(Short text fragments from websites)
════════════════════

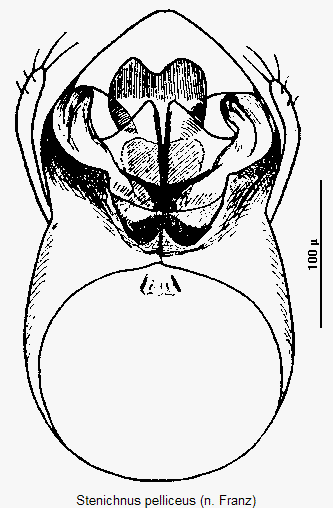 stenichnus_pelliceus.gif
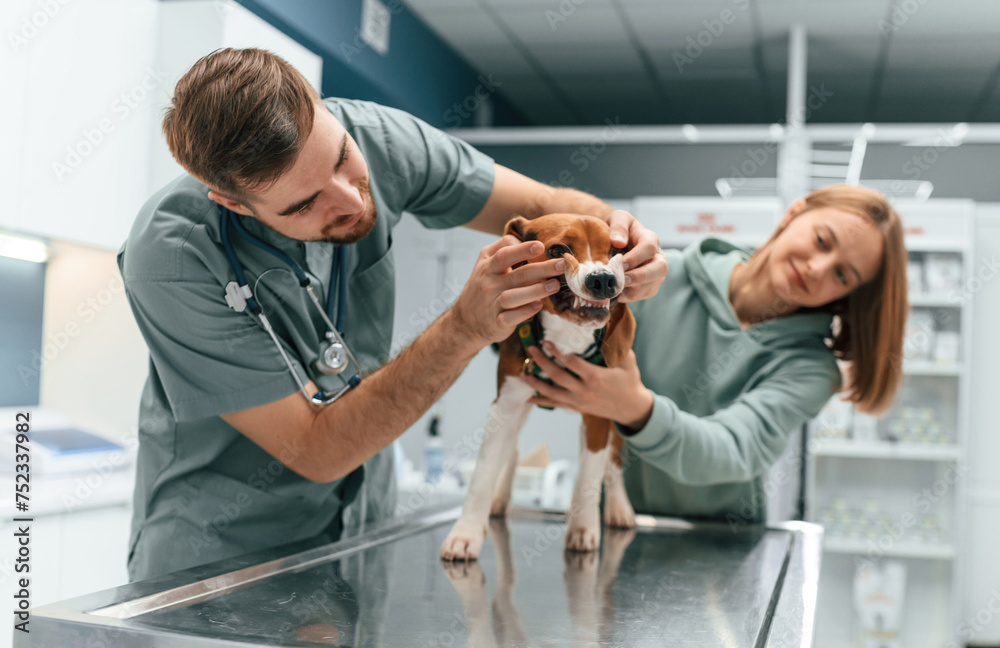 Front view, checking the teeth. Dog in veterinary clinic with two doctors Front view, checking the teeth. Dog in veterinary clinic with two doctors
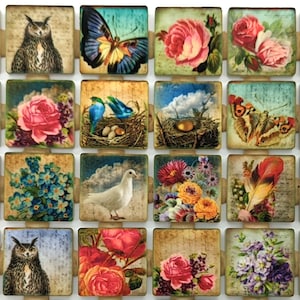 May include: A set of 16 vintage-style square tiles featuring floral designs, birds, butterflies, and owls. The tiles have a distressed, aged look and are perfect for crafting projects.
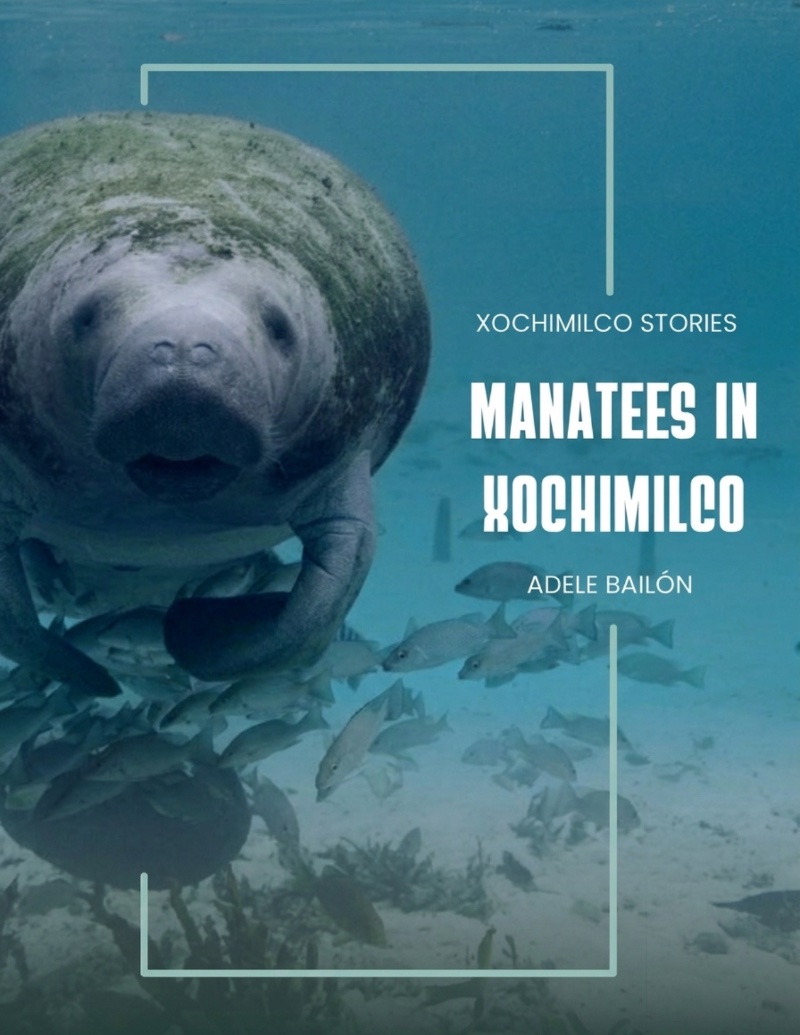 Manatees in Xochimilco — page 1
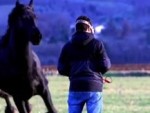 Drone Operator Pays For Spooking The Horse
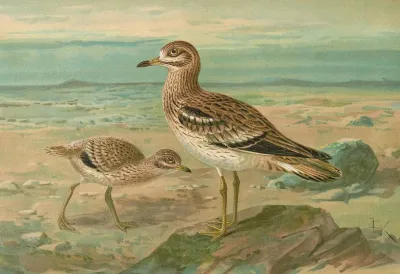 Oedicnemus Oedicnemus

════════════════════

> _EXERCISE PROMPT_
Give the entries again word for word, but skip the pictures.

> _SOLUTION TO THE PROBLEM_
 stenichnus_pelliceus.gif
 Front view, checking the teeth. Dog in veterinary clinic with two doctors Front view, checking the teeth. Dog in veterinary clinic with two doctors
 May include: A set of 16 vintage-style square tiles featuring floral designs, birds, butterflies, and owls. The tiles have a distressed, aged look and are perfect for crafting projects.
 Manatees in Xochimilco — page 1
 Drone Operator Pays For Spooking The Horse
 Oedicnemus Oedicnemus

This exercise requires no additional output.